DATA
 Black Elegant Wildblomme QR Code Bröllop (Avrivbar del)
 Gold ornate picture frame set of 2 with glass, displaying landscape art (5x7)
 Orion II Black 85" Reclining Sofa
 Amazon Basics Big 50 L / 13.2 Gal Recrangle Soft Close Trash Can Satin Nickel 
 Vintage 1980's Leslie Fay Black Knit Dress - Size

==

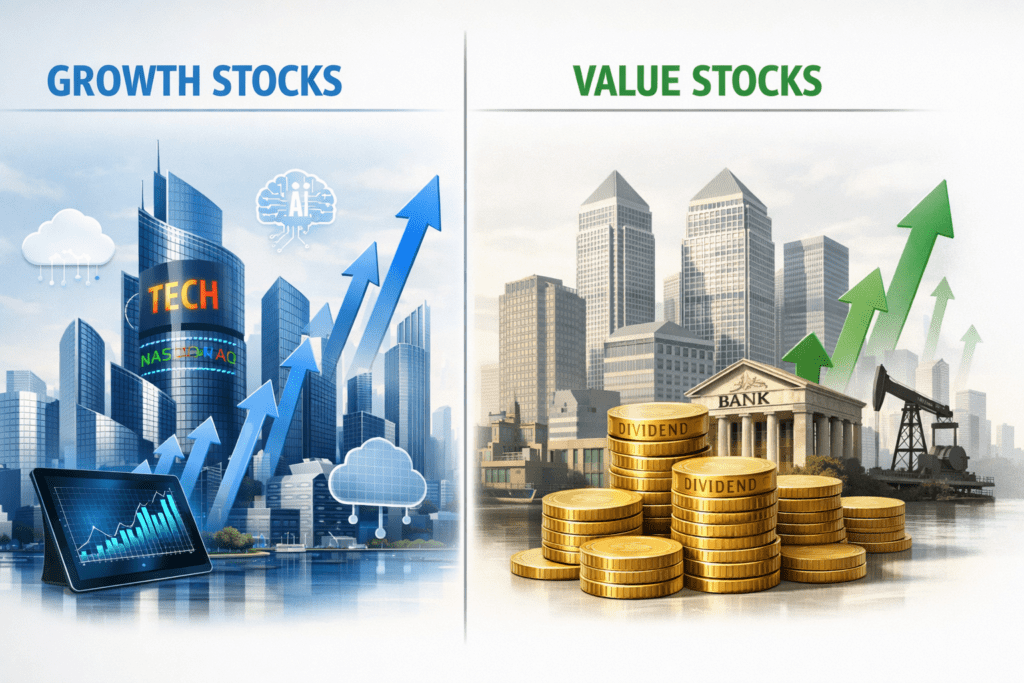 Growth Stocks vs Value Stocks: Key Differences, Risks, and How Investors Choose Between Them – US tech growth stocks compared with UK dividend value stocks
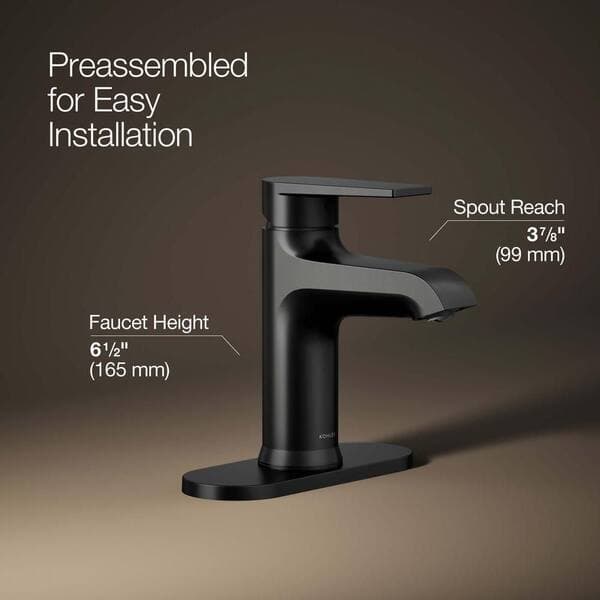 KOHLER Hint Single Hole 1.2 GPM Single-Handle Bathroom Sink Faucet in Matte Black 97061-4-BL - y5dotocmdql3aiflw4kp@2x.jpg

WHAT THE TASK REQUIRES
Looking at the entries above, can you reproduce exactly the lines from the one that holds "Amazon Basics Big" through the one that holds "Vintage 1980's Leslie", and only those?

OUTPUT FOR THIS TASK
 Amazon Basics Big 50 L / 13.2 Gal Recrangle Soft Close Trash Can Satin Nickel 
 Vintage 1980's Leslie Fay Black Knit Dress - Size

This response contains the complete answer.